Een risico-inventarisatie en -evaluatie (RI&E) is een systematische aanpak om de risico's binnen een organisatie in kaart te brengen en te beoordelen. De RI&E maakt inzichtelijk welke mogelijke gevaren en risico’s opdoemen op de werkplek. Zodat werkgevers passende maatregelen kunnen nemen om de gezondheid en veiligheid van werknemers te waarborgen.
Deze beheersmaatregelen tref je niet in willekeurige volgorde, er zit logica in. Deze ‘rangvolgorde’, in jargon, heet de arbeidshygiënische strategie.
Risico’s beheersen met arbeidshygiënische strategie
Werkgevers zijn verplicht om de arbeidshygiënische strategie toe te passen bij de beheersing van risico's op de werkplek.
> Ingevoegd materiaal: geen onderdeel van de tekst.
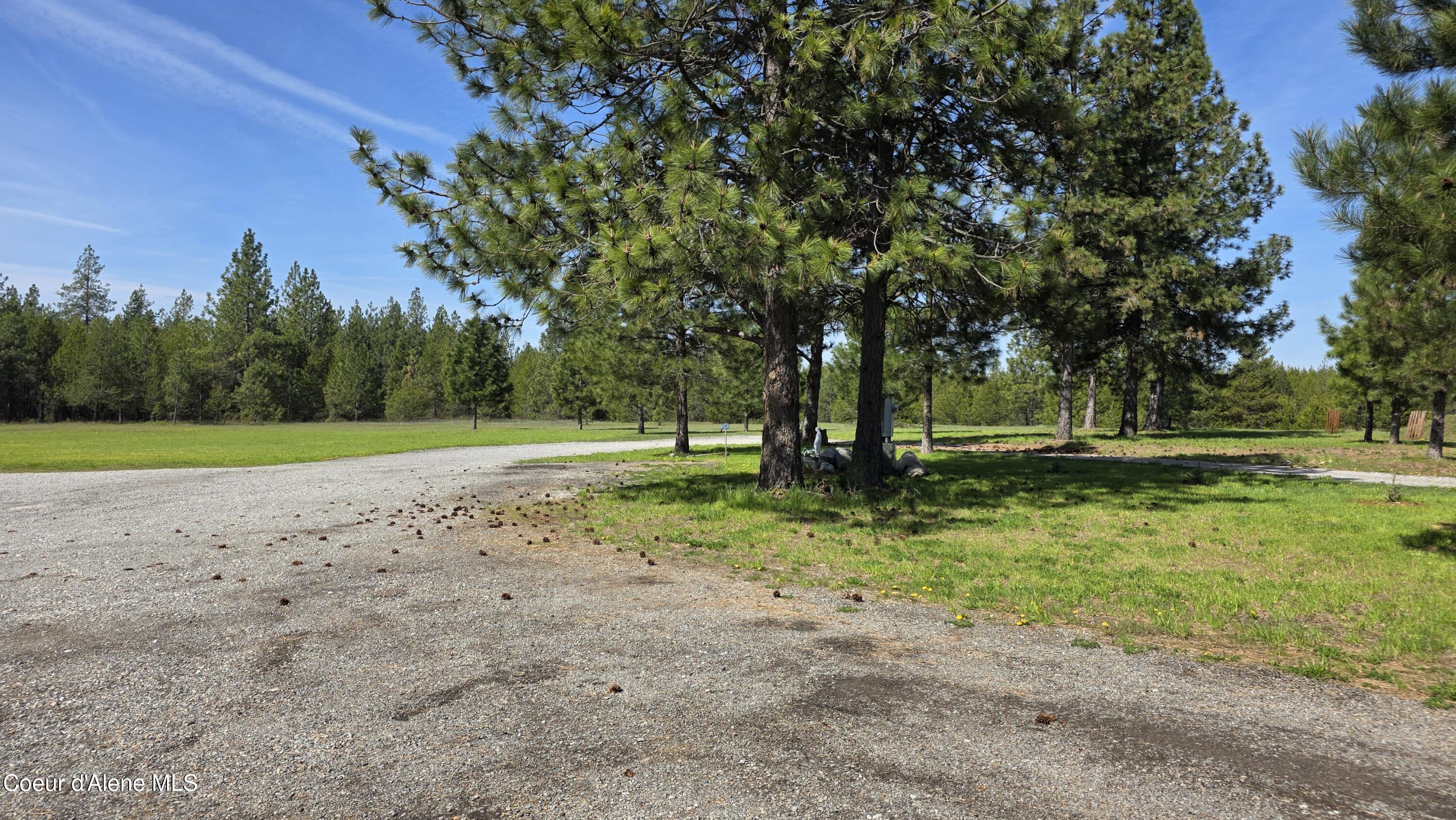 8702 East Scout Trail Road Athol, ID 83801 - Photo 19 of 43 Driveway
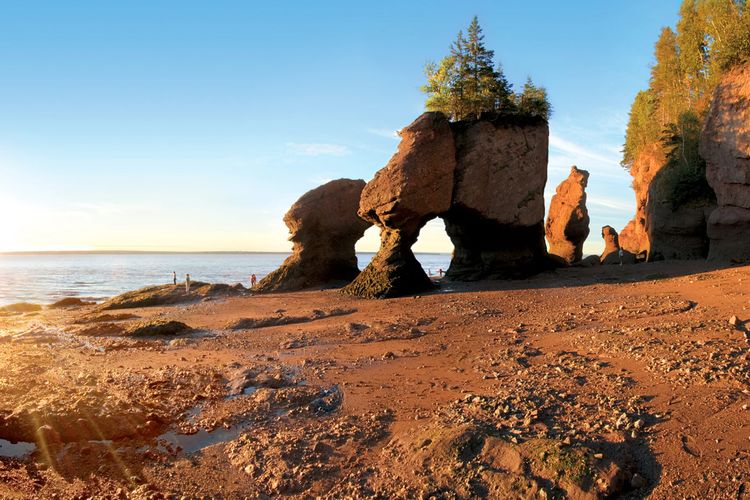 Hopewell Rocks bei Ebbe in der Bay of Fundy, New Brunswick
De strategie is bedoeld om de blootstelling van werknemers aan gevaren, zoals gevaarlijke stoffen en andere risico’s voor hun veiligheid en gezondheid, zo veel mogelijk bij de bron te voorkomen. Bijvoorbeeld door technische of organisatorische maatregelen te treffen.
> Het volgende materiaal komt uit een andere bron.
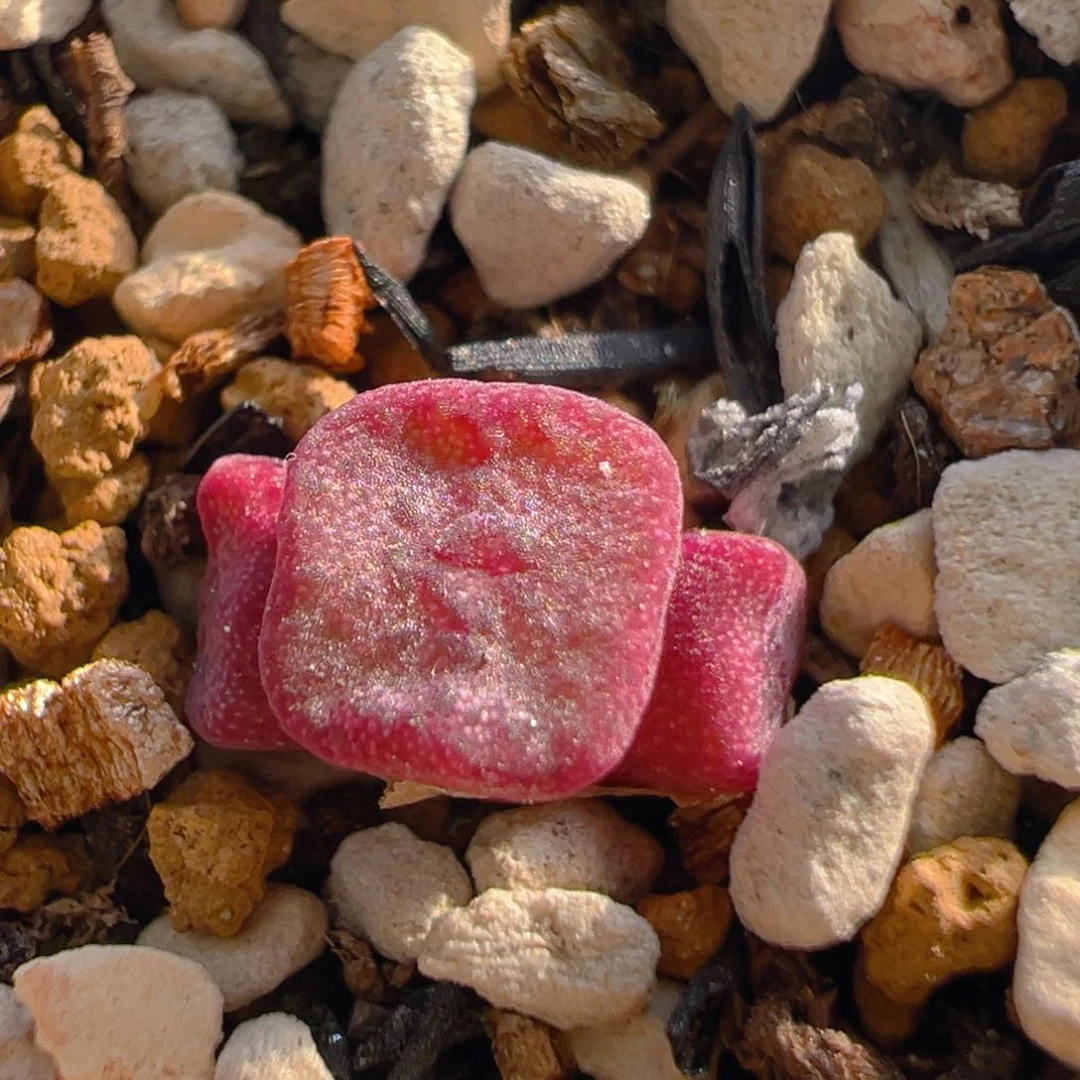 77多肉植物百科知识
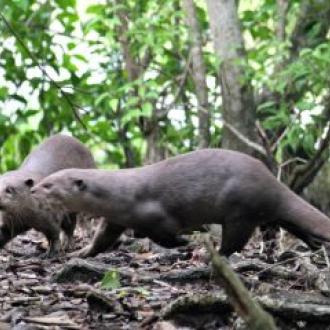 ବନ୍ୟ ଜୀବ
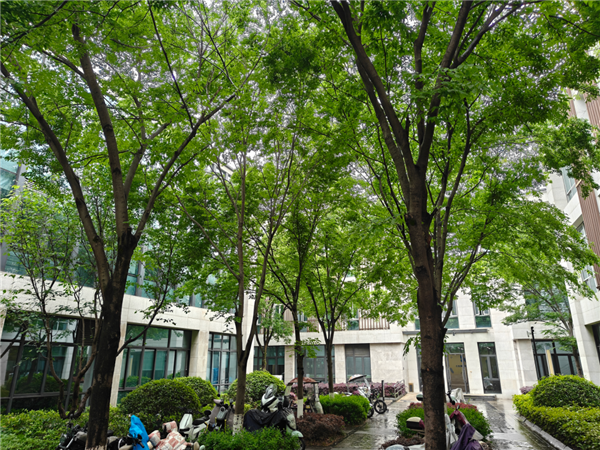 2899元的一加13T 能不能成为小屏党的梦中情机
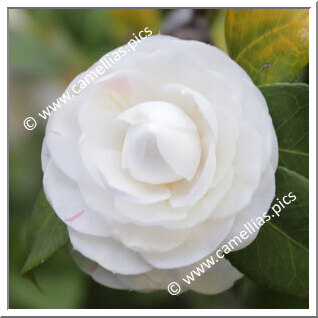 Camellia Japonica 'Lucina Plena'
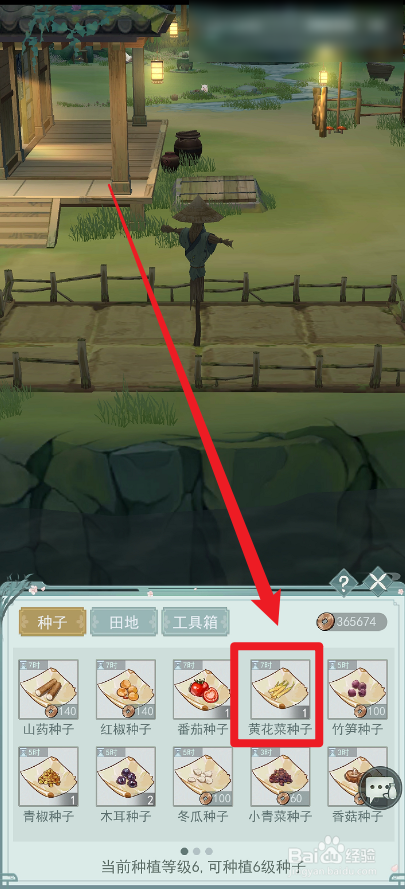 江湖悠悠怎么种植黄花菜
Deze arbeidshygiënische strategie bestaat uit vier niveaus van maatregelen. Te beginnen bij de bron, daarna de collectieve en individuele maatregelen en ten slotte komen de persoonlijke beschermingsmiddelen (PBM) in beeld. PBM zijn de minst effectieve manier om risico's te beheersen. Ze zijn pas aan de orde als de eerdere maatregelen niet mogelijk of onvoldoende zijn.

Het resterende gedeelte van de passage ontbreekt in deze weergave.